Tech job cuts continue to spread throughout the industry, with both Ericsson and Bose today announcing significant staff losses. Ericsson has revealed plans to axe 5,000 jobs, despite making a stronger-than-expected profit of $1.1 billion in the last quarter, excluding restructuring costs, and has worried investors by withholding any business outlook for the new financial year. Meanwhile Bose is cutting 10-percent of its workforce, amounting to 1,000 jobs, claiming to have been “staffed for a growing economy, not a global recession”.
Bose makes an estimated $2bn per year in sales, but has declined to give much detail about the restructuring and its deeper motivations. Spokeswoman Carolyn Cinotti released a statement suggesting that “as a global company, we are responding to these [recession] challenges”, confirming only that redundancies would affect Bose’s head-office as well as “select areas, including manufacturing.”

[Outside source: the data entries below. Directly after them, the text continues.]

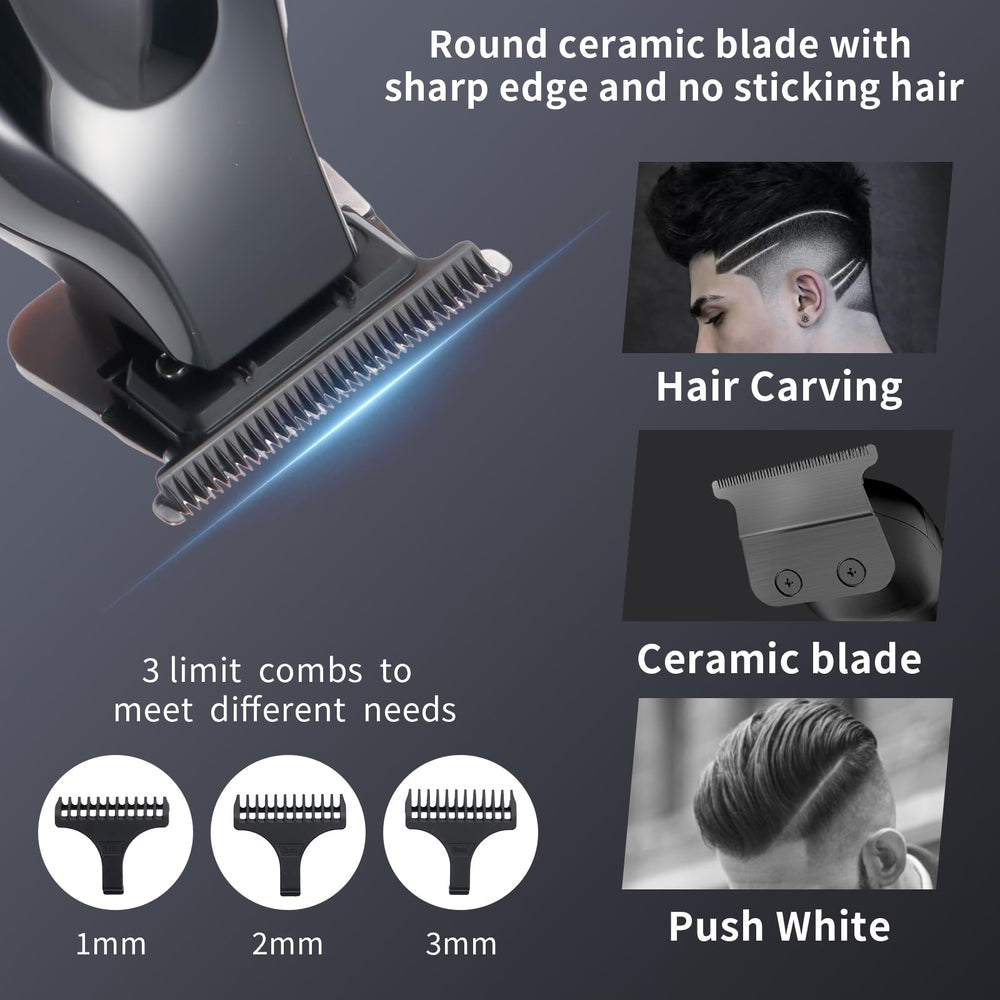 KOMINGDON beard trimmer T blade zero-gap close-up demonstrates precise 0.1 mm trimming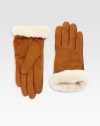 Genuine shearling cuffs perfectly complement these stylish suede gloves.Cashmere liningAbout 9 longImported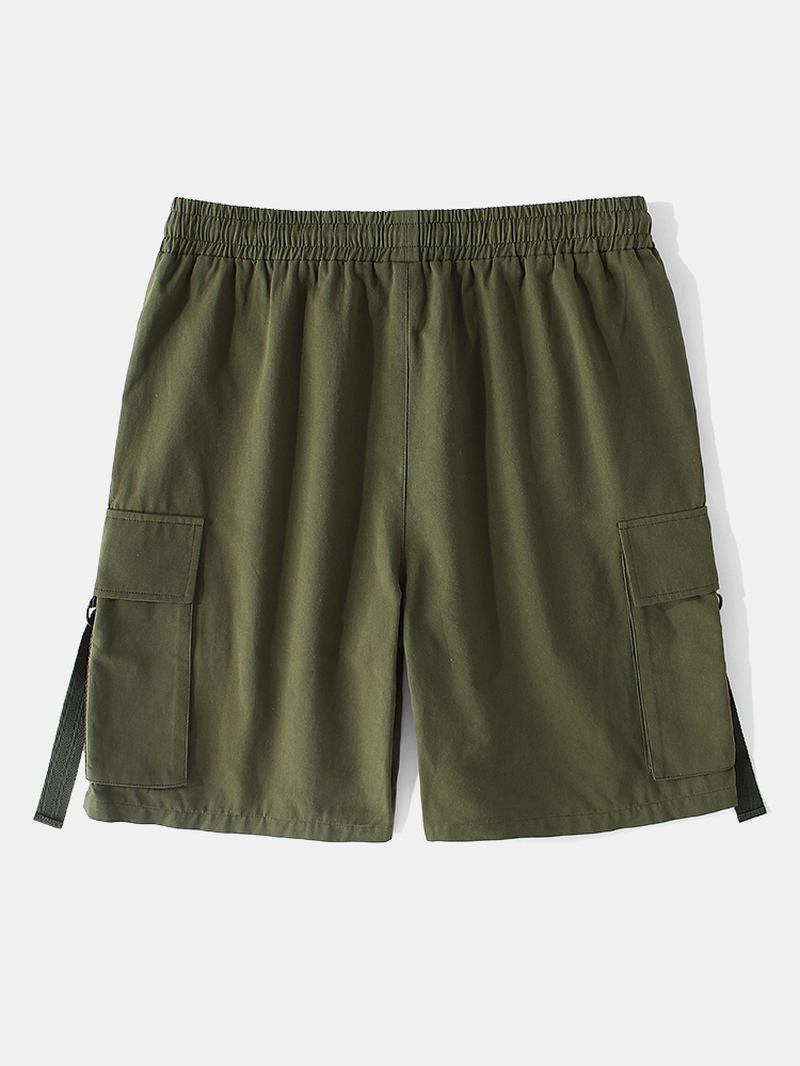 Herr 100% Bomull Muti-pocket Dragsko Arbetsshorts Med Elastiska Midja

Ericsson, meanwhile, have highlighted the fact that all divisions but their Sony Ericsson partnership have been successful, with some areas such as infrastructure hardly affected by the economic climate. Operating margins improved, aside from Sony Ericsson which saw a $339 million Q4 pretax loss, and Chief Executive Carl-Henric Svanberg said that Ericsson is “the only vendor [in the segment] that has positive net cash, and that is a strategic asset.”